VAHŞETE RAĞMEN TAKİPSİZLİK VERİLDİ
Askerin yargısız infazı itiraf ederek, iki gencin nasıl katledildiğine dair somut anlatımlarına rağmen dosyaya dair 20 Mart 2014’te zaman aşımı gerekçesiyle takipsizlik kararı verildi.
Savcılığın zaman aşımını gerekçe göstererek takipsizlik kararı vermesine İHD avukatları itiraz başvurusunda bulundu. Lice Cumhuriyet Başsavcılığı’na gönderilmek üzere Diyarbakır Cumhuriyet Başsavcılığı’na sunulan itiraz dilekçesinde, savcılığın olaya ilişkin hiçbir inceleme ve araştırma yapmaksızın zamanaşımını gerekçe göstererek kararı verdiği ifade edilerek, takipsizlik kararının hukuken kabul edilebilir olmadığına yer verildi. Ancak bu girişimden de sonuç alınamadı.

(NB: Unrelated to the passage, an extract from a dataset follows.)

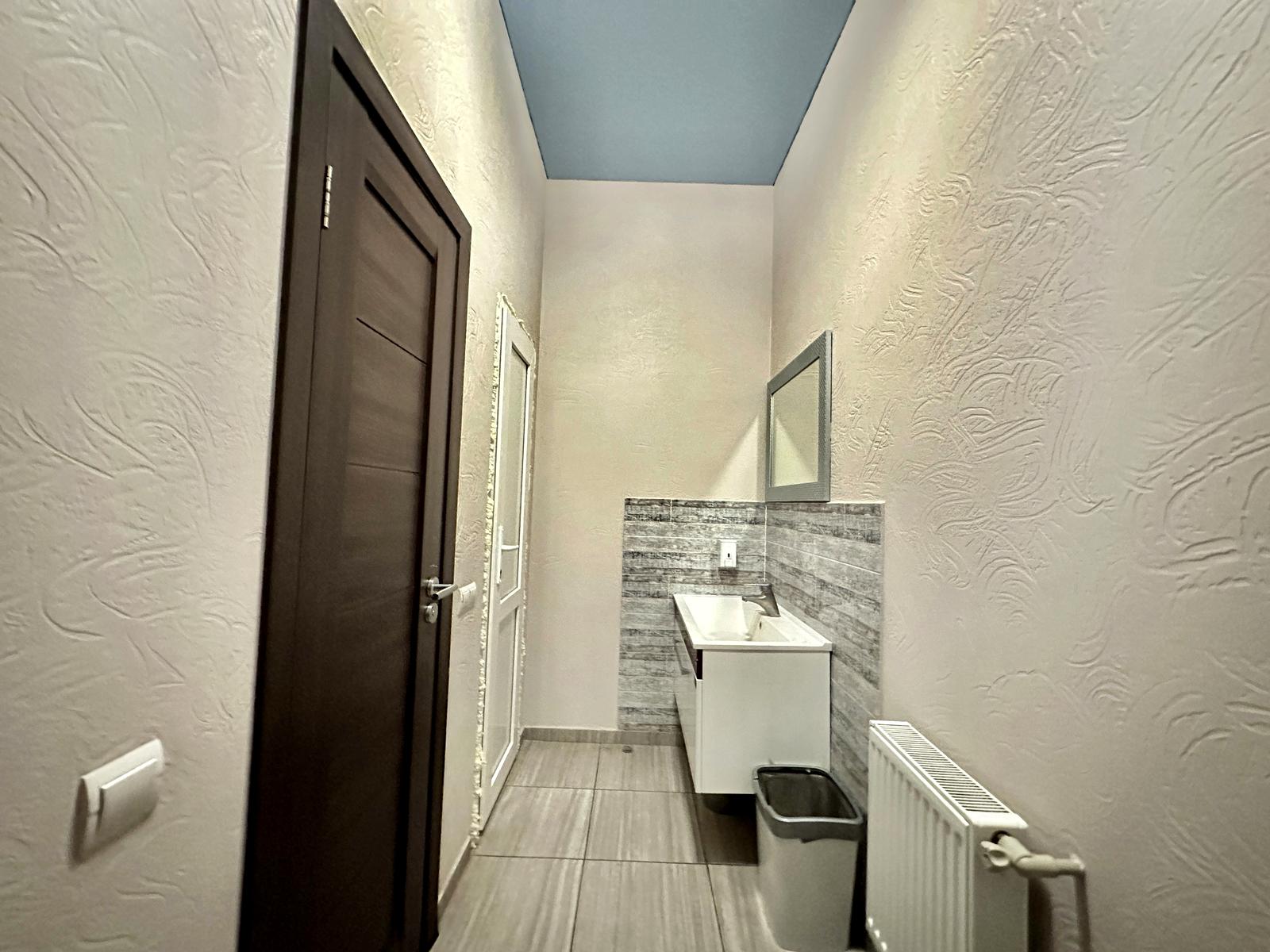 Коммерческая недвижимость по адресу ул. Садовая (площадь 450 м²) - Atlanta.ua - imageAlt 17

Bunun üzerine avukat Rahşan Bataray Saman, 2015 yılında Anayasa Mahkemesi’ne bireysel başvuru yaptı. Mahkeme, başvuruyu geçtiğimiz günlerde karara bağladı. Kararda, zaman aşımını gerekçe gösterilerek, kabul edilemez kararı verildi. AYM’nin bu kararıyla bir faili meçhul dosyası daha failler ve olayın tüm detayları dosyada mevcut olmasına rağmen cezasızlıkla sonuçlandı.